Try it:
When you reach the line containing "Snap Case for iPhone®", repeat it and every line after it exactly, stopping only at the end of the listing.

[Given records]

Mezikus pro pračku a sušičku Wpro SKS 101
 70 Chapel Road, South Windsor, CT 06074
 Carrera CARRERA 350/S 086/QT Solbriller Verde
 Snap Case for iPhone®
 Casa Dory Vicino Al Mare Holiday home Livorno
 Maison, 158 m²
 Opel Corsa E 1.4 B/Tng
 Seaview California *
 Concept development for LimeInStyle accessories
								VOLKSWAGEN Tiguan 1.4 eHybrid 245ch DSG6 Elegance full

[/Given records]

Answer section:
 Snap Case for iPhone®
 Casa Dory Vicino Al Mare Holiday home Livorno
 Maison, 158 m²
 Opel Corsa E 1.4 B/Tng
 Seaview California *
 Concept development for LimeInStyle accessories
								VOLKSWAGEN Tiguan 1.4 eHybrid 245ch DSG6 Elegance full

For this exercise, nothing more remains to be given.